James Godrich, Research Assistant
On the 18th October, following the latest UK inflation figures printed by the Office for National Statistics (ONS), the Financial Times headline read, “Inflation rises sharply to 1% in September”.
We all know that in layman’s terms the rate of inflation measures the general level of price increases over a given period of time. But the above quoted figure is more precisely known as the Consumer Price Index (CPI).
Unfortunately I have not been afforded the luxury of word-count to explain the long list of different inflation measures, of which I can think of at least nine.
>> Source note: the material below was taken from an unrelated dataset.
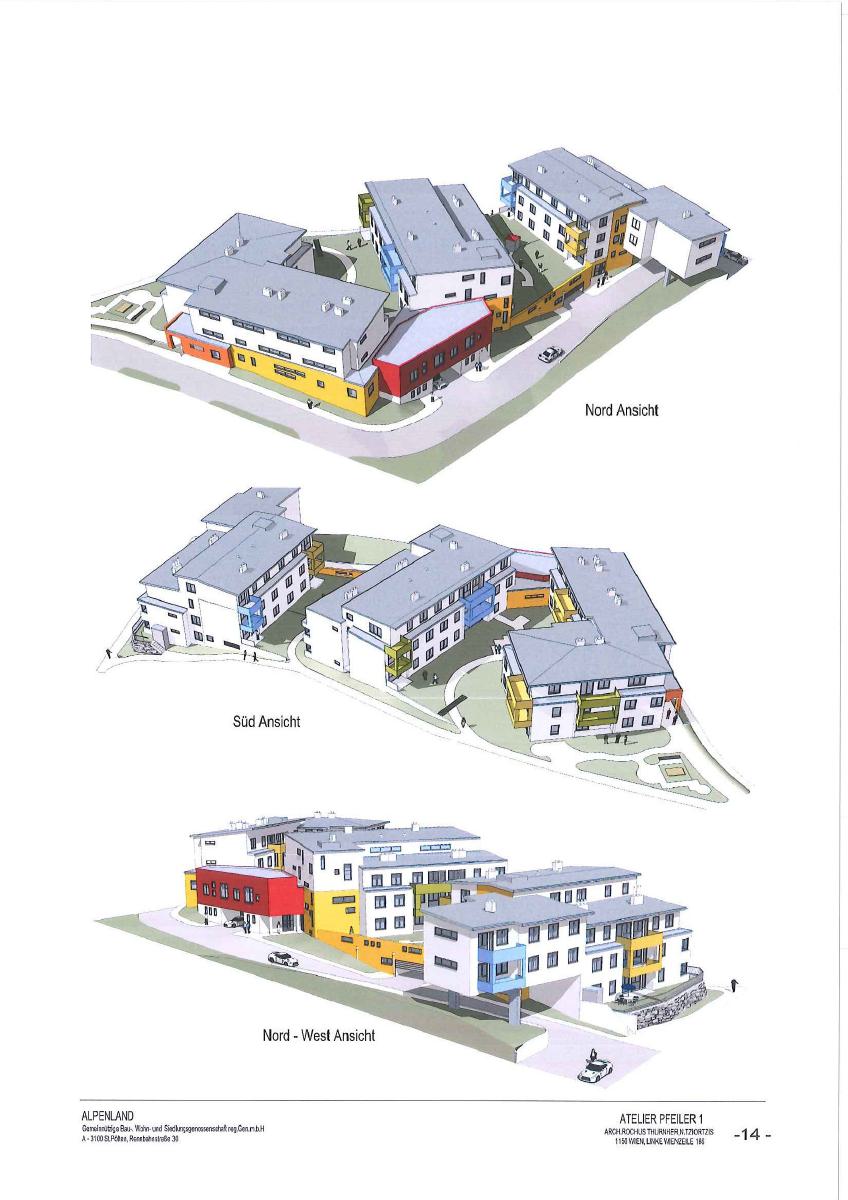 Wohnung zur Miete 912 € 3 Zimmer 76,1 m²<br/>Wohnfläche 31.03.2025<br/>Verfügbarkeit Neulengbach 3040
What I will try to do is briefly explain the main differences between the most quoted measures; the Retail Price Index (RPI) and the previously mentioned CPI.
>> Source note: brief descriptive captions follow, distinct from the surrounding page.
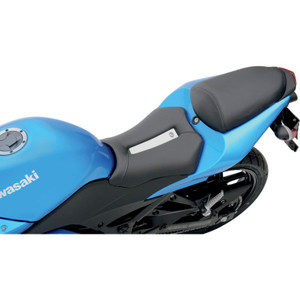 Saddlemen Track Gel Channel Low Solo Seat - Kawasaki EX250R Ninja (2008-2012)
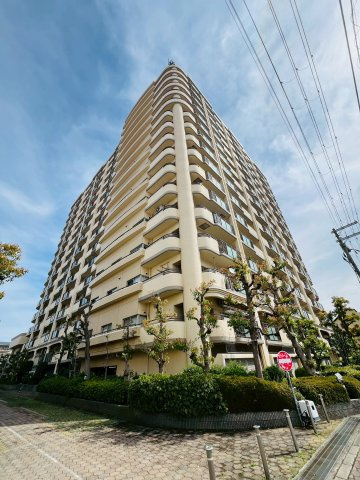 シャトー・サンパークスクエアの外観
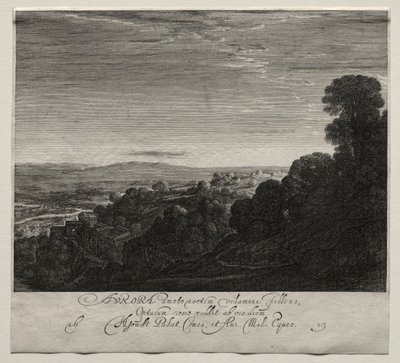 Aurora da Hendrik Goudt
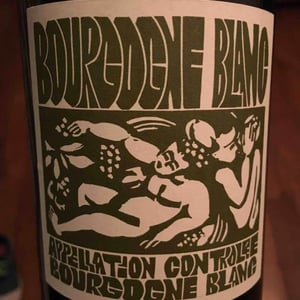 Bourgogne Blanc - Domaine de La Soeur Cadette - jean-valentin-montanet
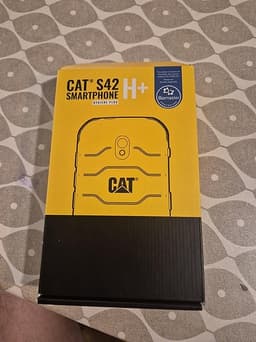 Cat S42 H+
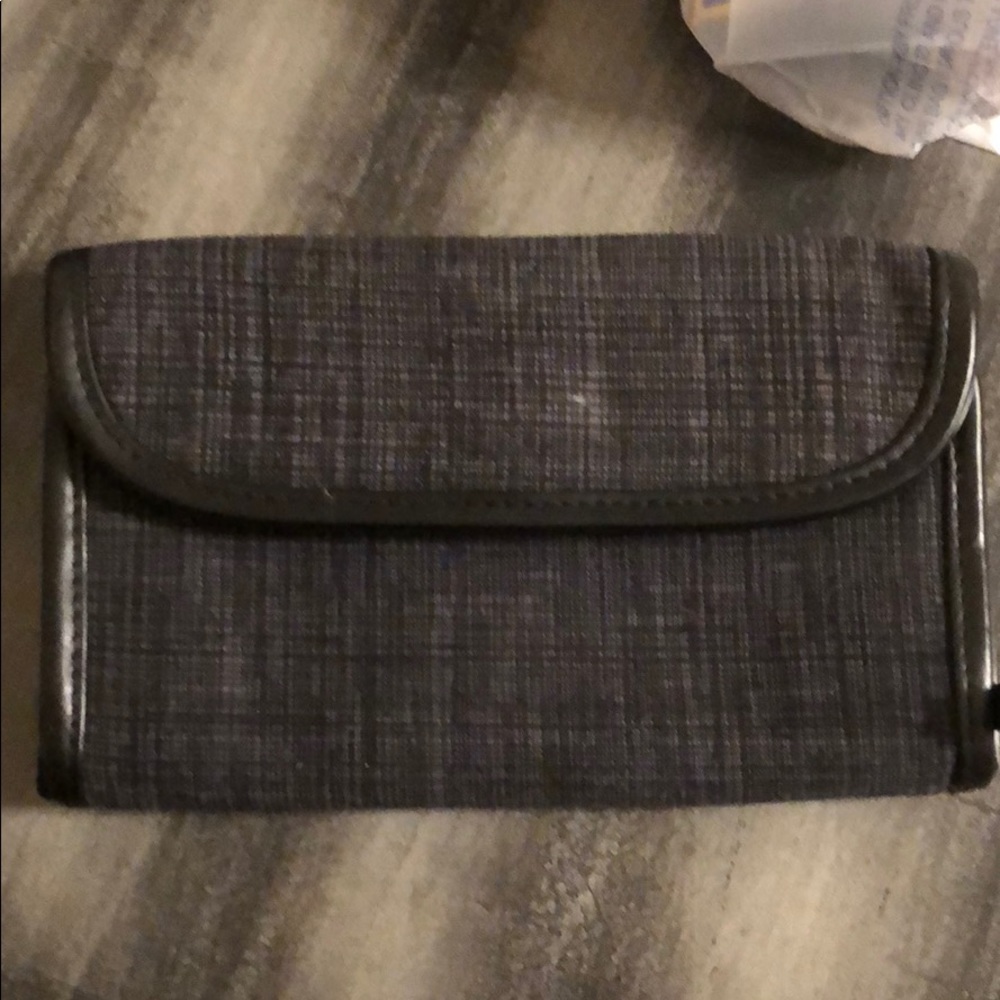 Cloth wallet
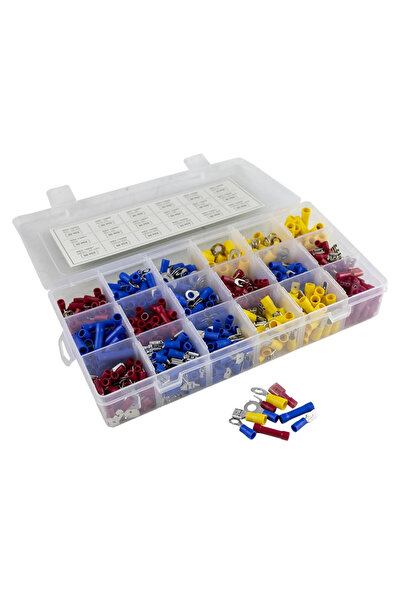 JBM Trusa Cu Papuci Electrici Auto 635 Piese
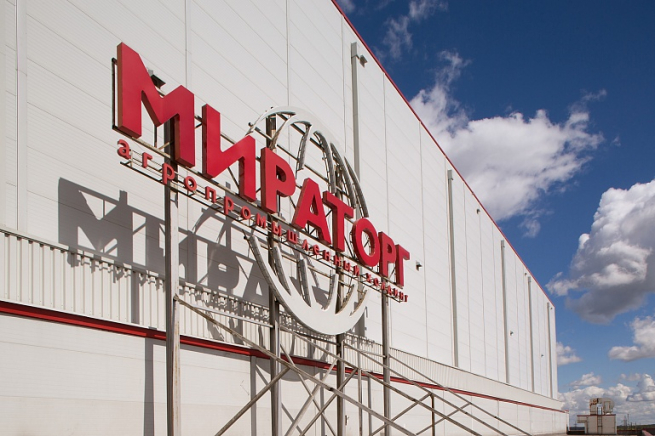 «Мираторг» подал два иска о защите деловой репутации «Мираторг» подал два иска о защите деловой репутации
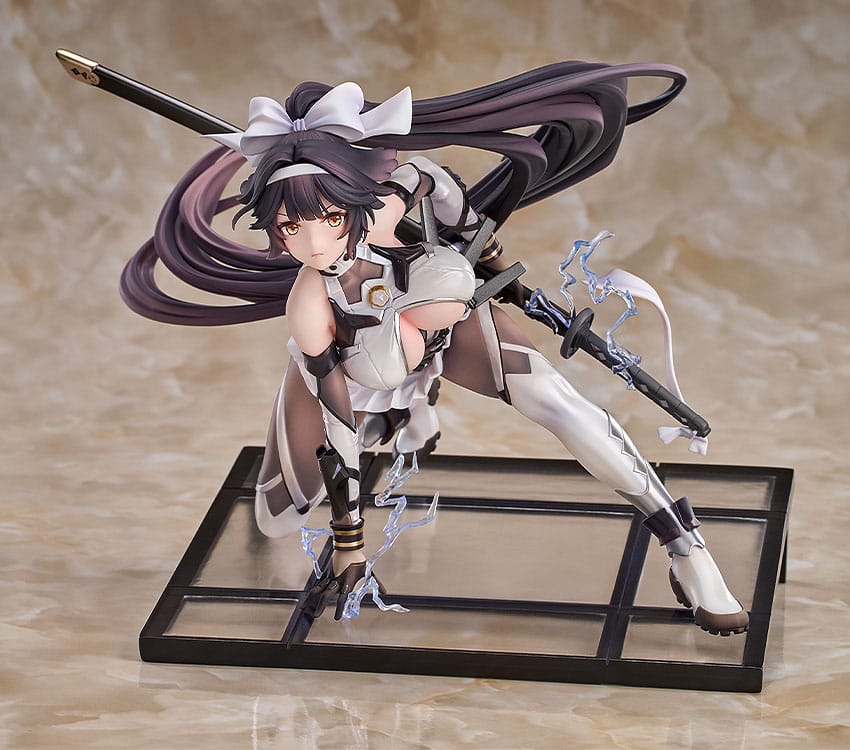 Azur Lane Statue 1/7 Takao: Divine Exorcist's Blade 17 cm 4580590208513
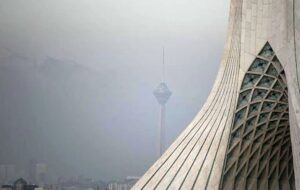 تهران در وضعیت قرمز – نیوز تودی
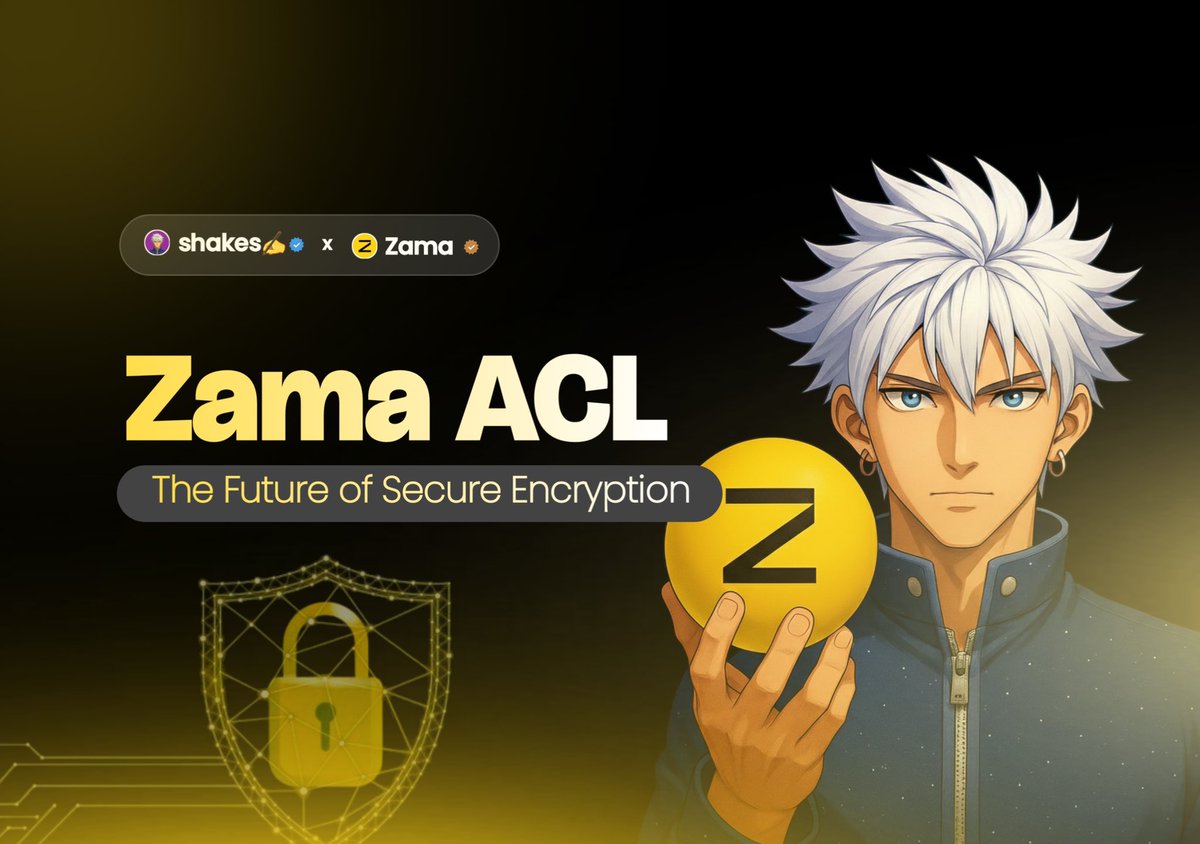 IamShakes_'s tweet image. people hear “FHE” and instantly think it’s some super-technical thing only cryptographers understand.

but the idea is actually simple:

you can use your data… without ever revealing your data.

here’s what that looks like in real life:

|| private payments (DeFi but with…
The basic methodological approach for both the CPI and the RPI is the same, in that they both track roughly 180,000 individual prices for over 650 goods and services.
One of the differences though is in the constituents where the RPI includes housing costs, such as mortgage interest payments and council tax. Aside from 2008 and the obvious drop in mortgage rates, why do we see RPI constantly print above CPI then?
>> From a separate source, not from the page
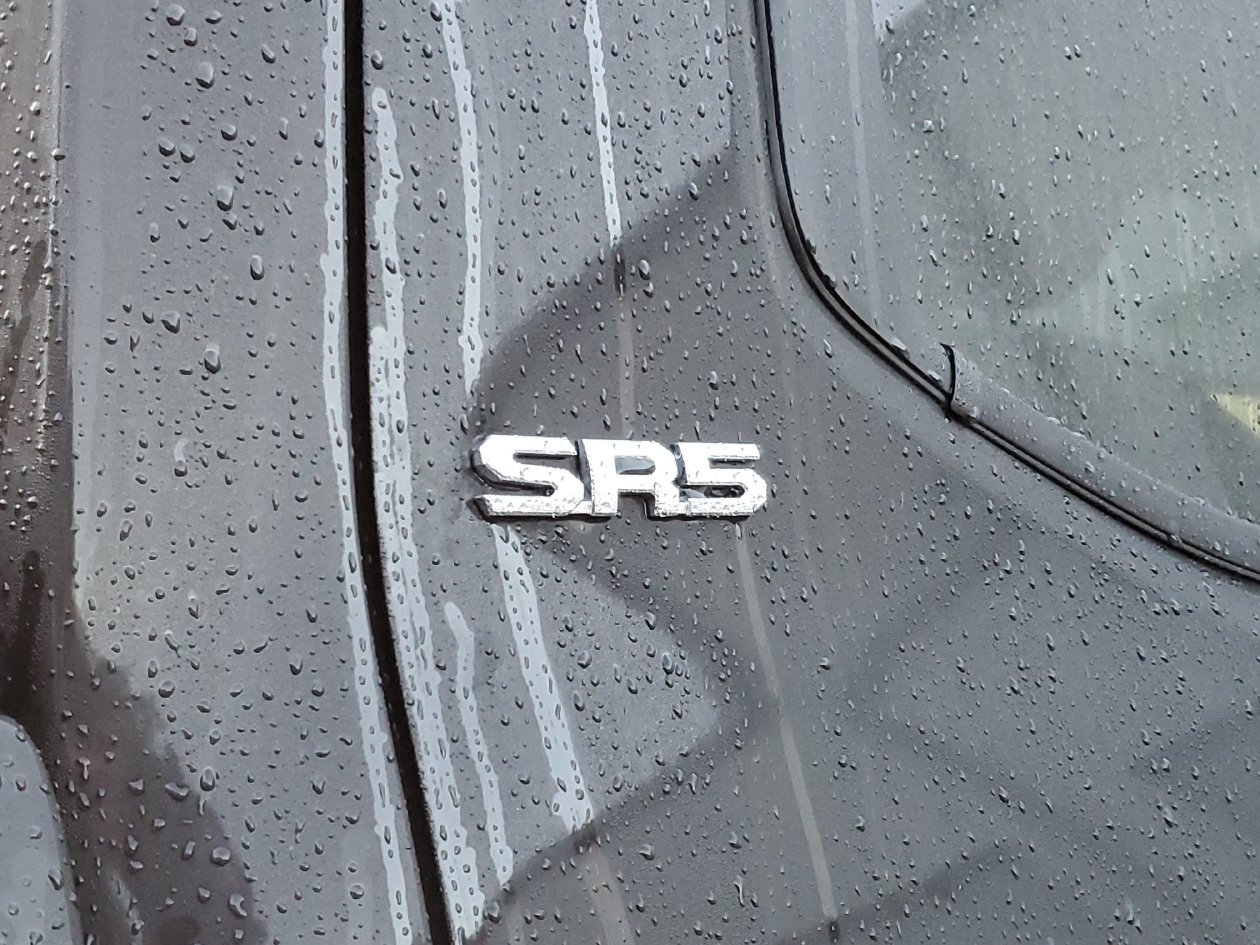 Used 2026 Toyota Tacoma SR5 AWD/4WD image 8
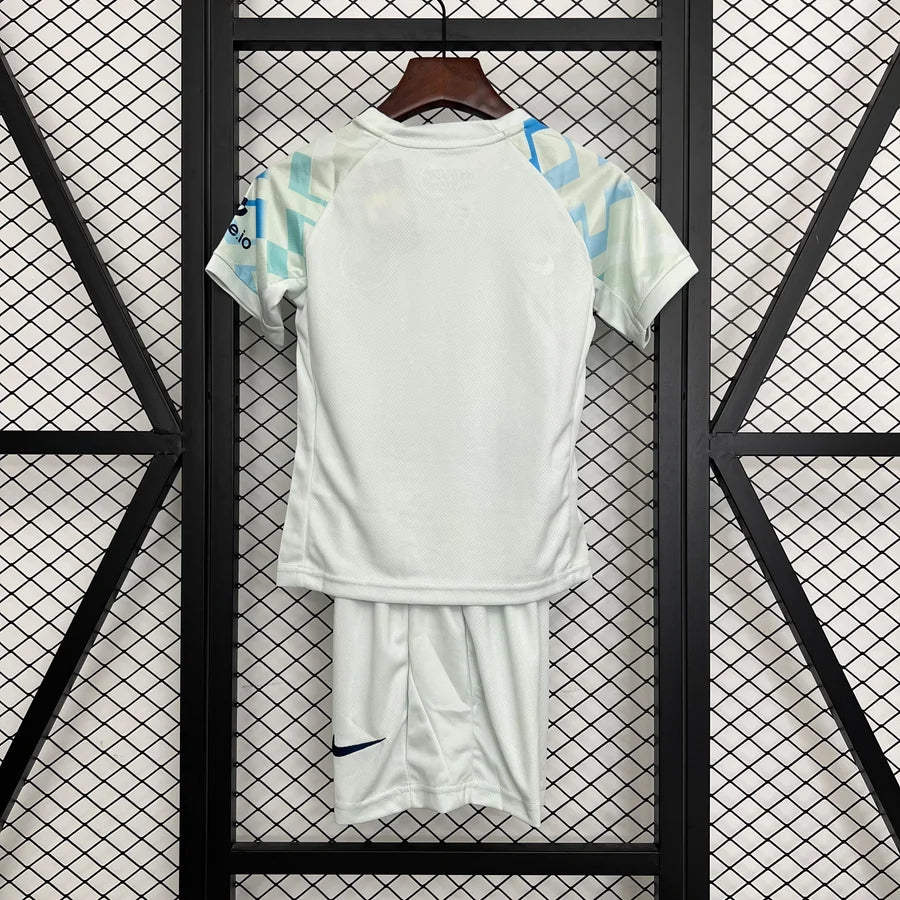 Kit ensemble football Inter milan extérieur 2025/26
This is the result of the other, more important difference, which is in the calculation where the RPI measures the arithmetic mean (add up the total prices and divide by the number of goods). Whilst the CPI uses the geometric mean (multiply prices of individual goods and take the nth root), which mathematically will produce an average less than or equal to the arithmetic mean. This calculation differential is also known as the formula effect and accounts for around a 0.9% difference between the RPI and the CPI.
So if your children start asking that, given the recent drop in sterling, their pocket money becomes inflation-linked, remember to include in the small print that you intend on using a geometric mean of prices.